[TASK INSTRUCTIONS] Transcribe the entries below without changing a word, and omit every picture.

[LISTED RECORDS]

* * * * * * *

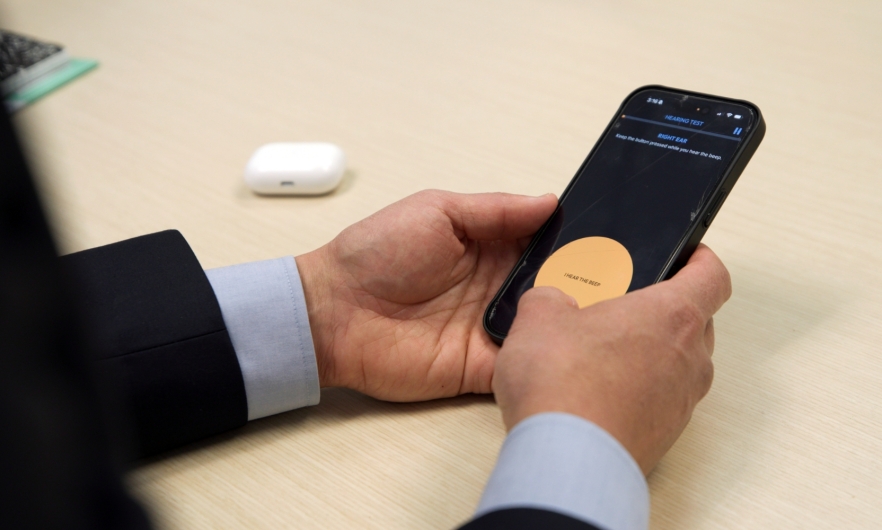 A person takes a hearing test on their smartphone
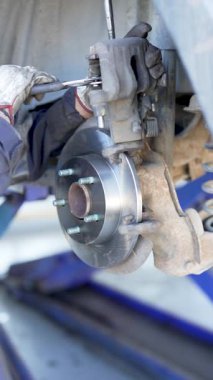 Mekanik bir atölyede tamircinin ellerinin fren diskini değiştirmesini kapat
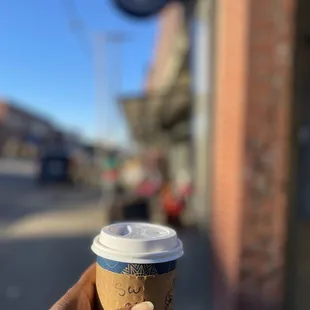 a hand holding a cup of coffee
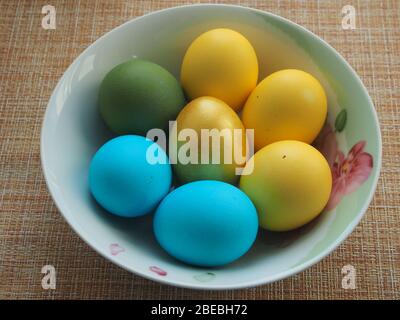 Colorful Easter eggs lie in a white porcelain plate. Blue, green, yellow, Golden eggs. Still-life. Stock Photo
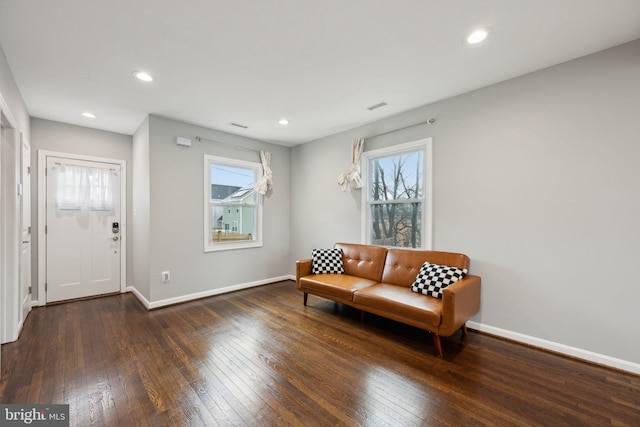 sitting room featuring dark wood-type flooring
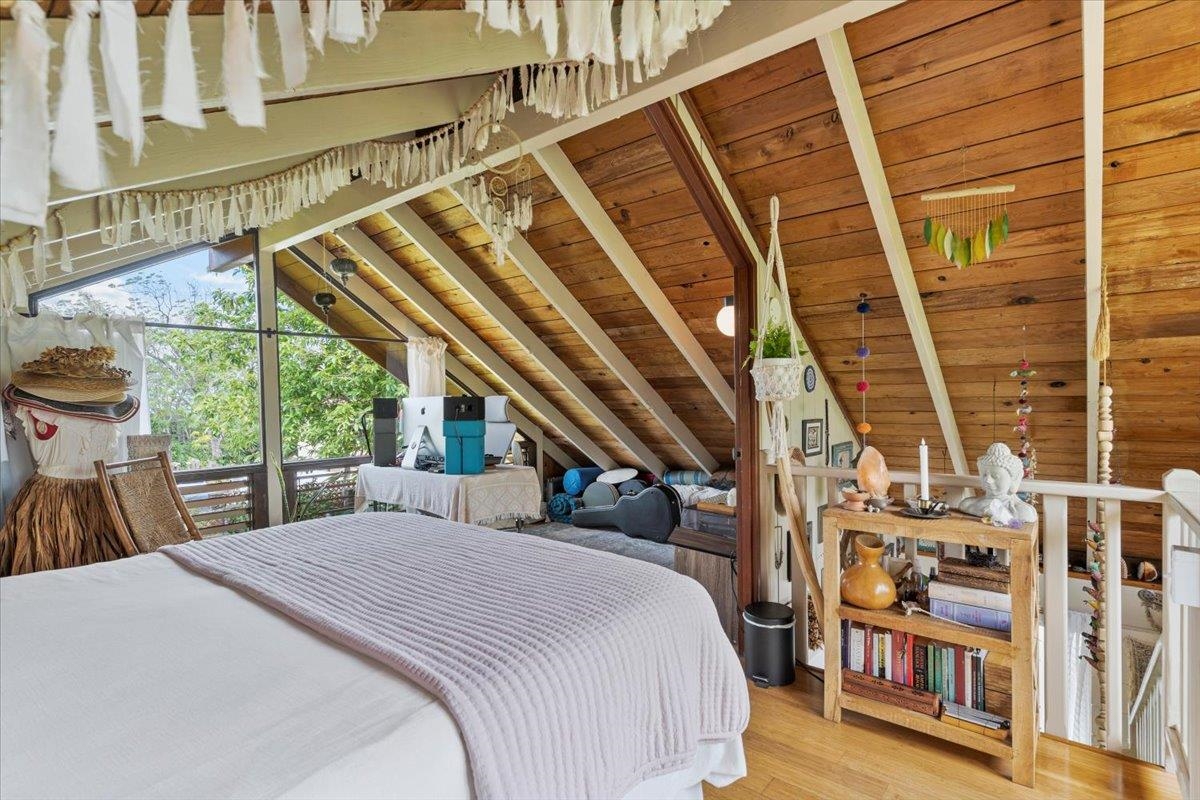 11 Keola Place Makawao, HI 96768 - Photo 38 of 45 a bedroom with a bed next to a window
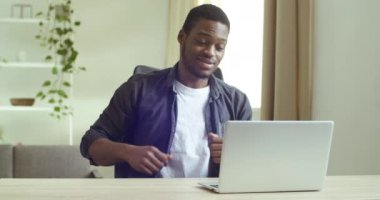 Yakışıklı, gülümseyen afro-amerikan iş adamı serbest çalışan bilgisayar kamerasına konuşan online konferans konuşmalarında video görüşmelerine cevap veren karantina sırasında uzaktan iletişim kavramı.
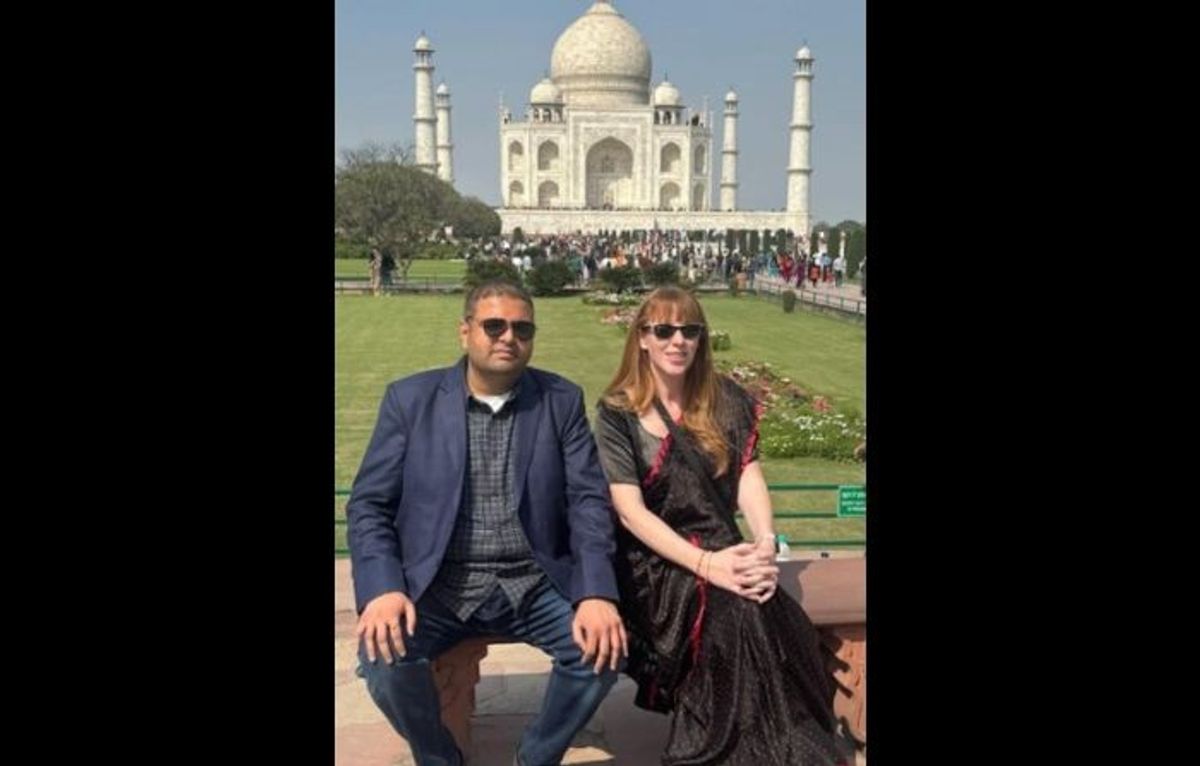 British deputy shadow PM Angela Rayner and Navendu Mishra MP in front of Taj Mahal in Agra, India.
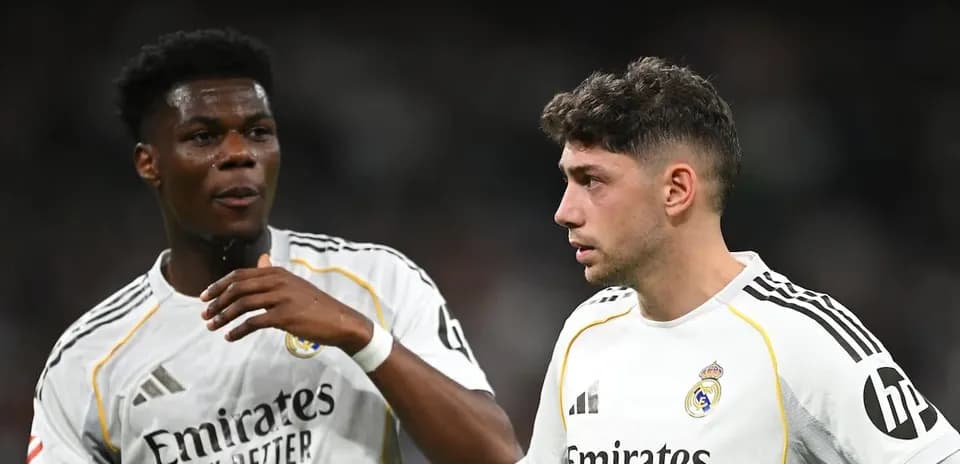 Two Real Madrid players discussing on the field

* * * * * * *

[TASK SOLUTION]
 A person takes a hearing test on their smartphone
 Mekanik bir atölyede tamircinin ellerinin fren diskini değiştirmesini kapat
 a hand holding a cup of coffee
 Colorful Easter eggs lie in a white porcelain plate. Blue, green, yellow, Golden eggs. Still-life. Stock Photo
 sitting room featuring dark wood-type flooring
 11 Keola Place Makawao, HI 96768 - Photo 38 of 45 a bedroom with a bed next to a window
 Yakışıklı, gülümseyen afro-amerikan iş adamı serbest çalışan bilgisayar kamerasına konuşan online konferans konuşmalarında video görüşmelerine cevap veren karantina sırasında uzaktan iletişim kavramı.
 British deputy shadow PM Angela Rayner and Navendu Mishra MP in front of Taj Mahal in Agra, India.
 Two Real Madrid players discussing on the field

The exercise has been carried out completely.